# Help With Soil Test Results



## Philly_Gunner (Apr 23, 2019)

Received my soil test results from Waypoint today and I must say I'm very impressed...4 day turnaround. The chart is very cut and dry but I would like some guidance as to my next steps for amendments. Looks like my pH is too high and I've read that Bermuda does the best in a pH of 6-7. Looks like I need to start adding sulfur as well. So, any guidance on product selection, where to source it, timing of applications, etc would be greatly appreciated.

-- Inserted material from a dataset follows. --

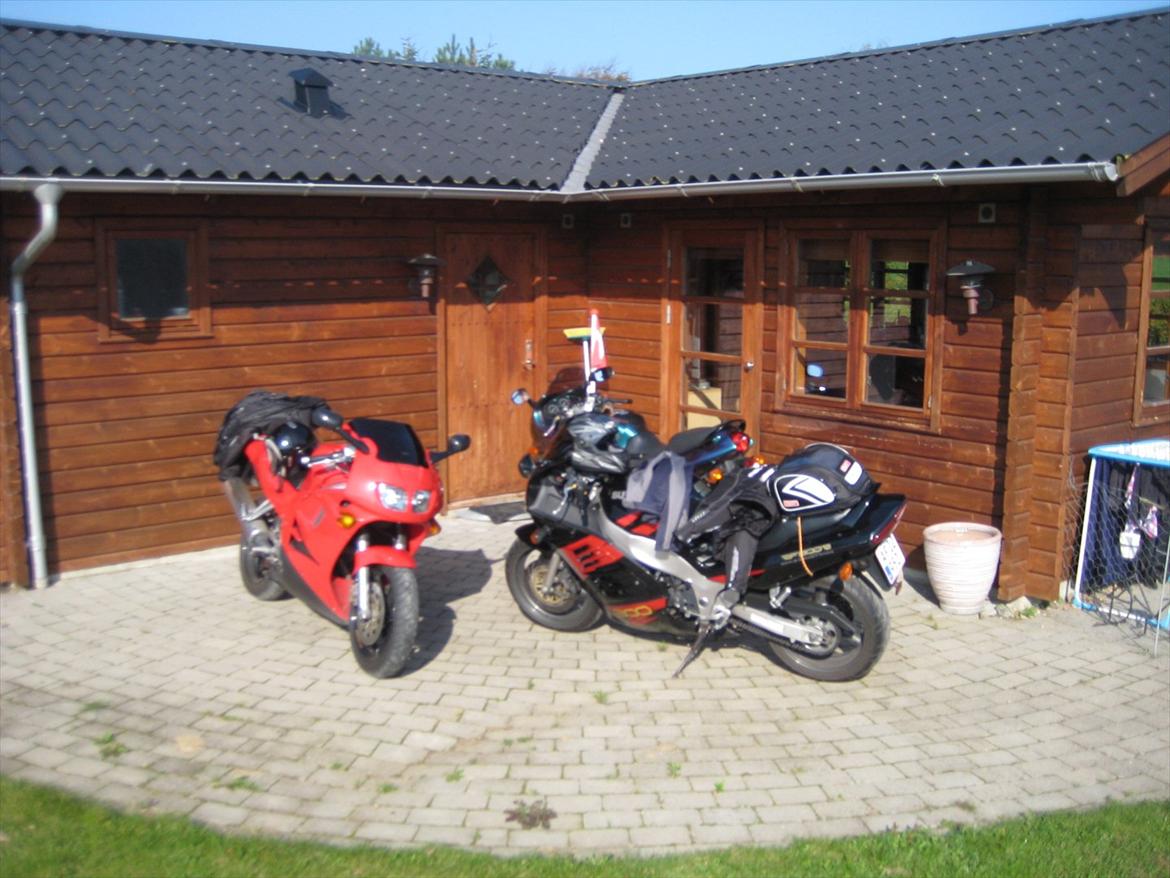 Honda 750 vfr rc36 - sommerhustur 2011 billede 2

For some background, I have Tif 419, sqft is 26k, irrigated, rotary mowed at 2". So far this season I've done 3 fert apps. 100 lbs of 28-4-10 in May, 40lbs of 46-0-0 in June and 100 lbs of Carbon X July 21st. I can also include my herbicide apps if that is pertinent.


----------



## Ware (Jan 28, 2017)

@Philly_Gunner I moved this to the Soil Fertility subforum.


----------



## Philly_Gunner (Apr 23, 2019)

Thanks @Ware , my apologies.


----------



## dfw_pilot (Jan 28, 2017)

Any thoughts on this @Mightyquinn?


----------



## Mightyquinn (Jan 31, 2017)

Hello PG!!

I will try to give some guidance as I have gotten away with not doing many soil test recommendations recently. It's going to be hard to lower your soil pH but it can be done if you just stay after it and it will take several years to see a change possibly. You may want to search and find a farm supply store or something similar around you to get your products since you have A LOT of square feet to treat and they will generally be cheaper than buying it anywhere else. I'm going to assume that your lawn is in relatively decent shape and doesn't require any areas that need to fill in. Let me know if that is not the case.

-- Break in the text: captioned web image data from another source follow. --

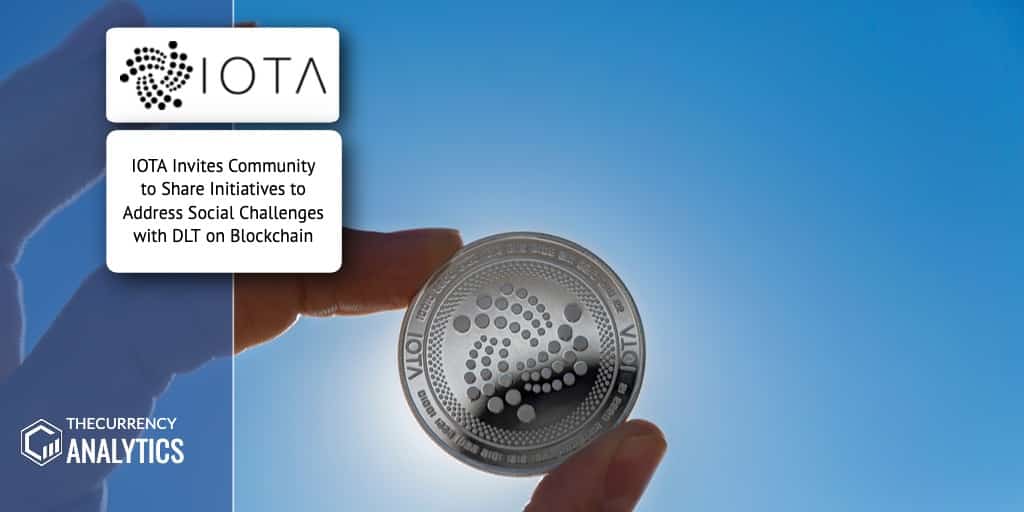 iota DLT blockchain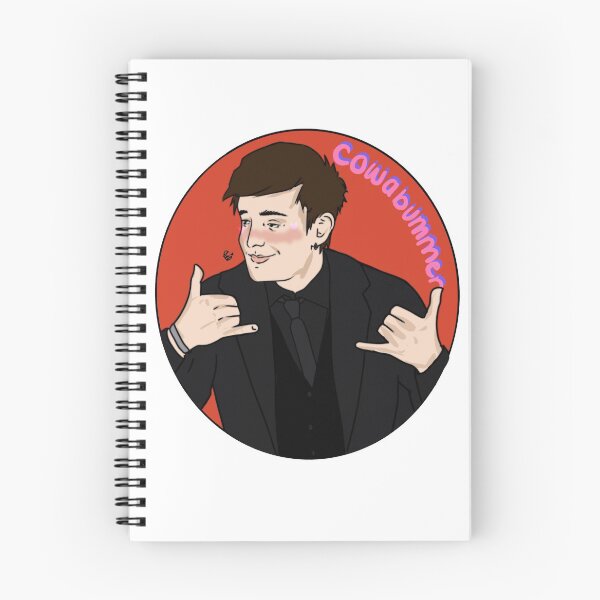 Aperçu de l'œuvre AUTOCOLLANT CRANKGAMEPLAYS COWABUMMER créée et vendue par wuffbert.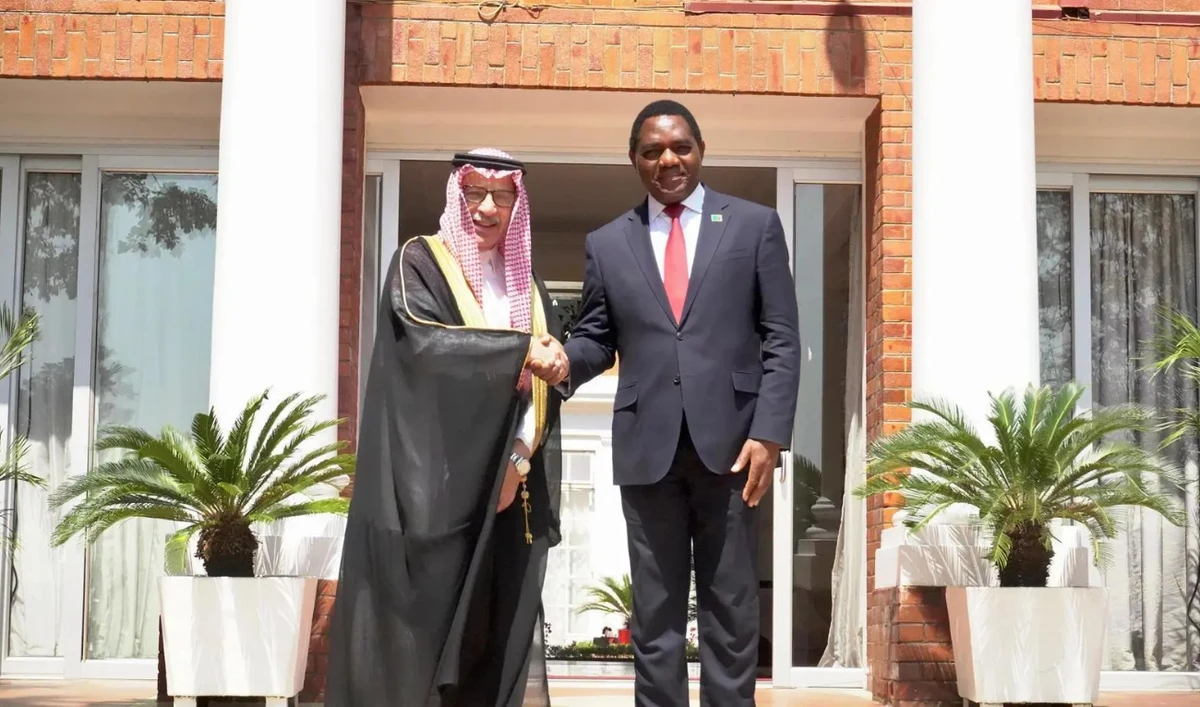The message was conveyed by Ahmed bin Abdulaziz Kattan, adviser at the Royal Court. (SPA)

#1 Switch to fertilizing with Ammonium Sulfate instead of Urea if it's cost effective for you as the Sulfur will help lower the pH and only apply .5lb of Nitrogen per M(1,000 sq/ft) a month during the growing season. If you can find elemental Sulfur at the farm store add that to the mix too.

#2 For Phosphorus, try finding some Triple Super Phosphate(0-50-0) and apply a pound of Phosphate/M so 2lbs of the TSP/M. That should get your P numbers up and you should be good after that since Phosphorus doesn't leach from the soil very easily.

#3 For Potassium, I would apply .5-1 lb of K/M a month with Potassium Sulfate(0-0-50). I started pounding my lawn with Potassium Sulfate this year and have noticed a difference and it will leach from the soil very easily right behind Nitrogen.

#4 You need to raise your Magnesium numbers up as your Calcium/Magnesium ratio is not good at all. So if you can find Epsom Salt in large quantities I would apply .5-1 lb of Epsom Salt/M in the Spring and Fall as it will help bring that ratio closer to where it should be.

All in all your soil test doesn't look all that bad and you should be able to grow a very nice lawn with what you have. I'm sure others will come by and give recommendations so you can get a plan together from that. Let us know if anything I suggested doesn't seem doable of if you have any questions. Good luck and know that this is a marathon and not a sprint.


----------



## Philly_Gunner (Apr 23, 2019)

@dfw_pilot and @Mightyquinn thank you, thank you, thank you. This is exactly what I needed to get me pointed in the right direction. I greatly appreciate the help. So glad I found this forum. 💪🏻💪🏻💪🏻


----------



## Philly_Gunner (Apr 23, 2019)

@Mightyquinn after reading your recommendations, this is my plan. 8/1, throw down the Phos and K. 8/15, an application of the ammonium and then 9/15 put down the Epsom with my Prodiamine application. Yard is currently in pretty good condition, if anything it seems to be slow growing right now. Perhaps my 2 Celsius applications and my most recent Prodiamine app slowed things down some. Otherwise I would say my coverage and weed control is above average. Any other input would be greatly appreciated.


----------



## Mightyquinn (Jan 31, 2017)

Were you able to source all the stuff I suggested? The 2 Celsius apps may have slowed it down some but other than that you should be good to go. I would send in another soil sample in the early Spring to see where you are at and then reevaluate after that. I think late Winter to early Spring is the best time to take a soil sample as it will give you a better representation of what the soil is doing since there hasn't been any inputs in the lawn since fall and it will give you a whole season to make any needed corrections. Just FYI


----------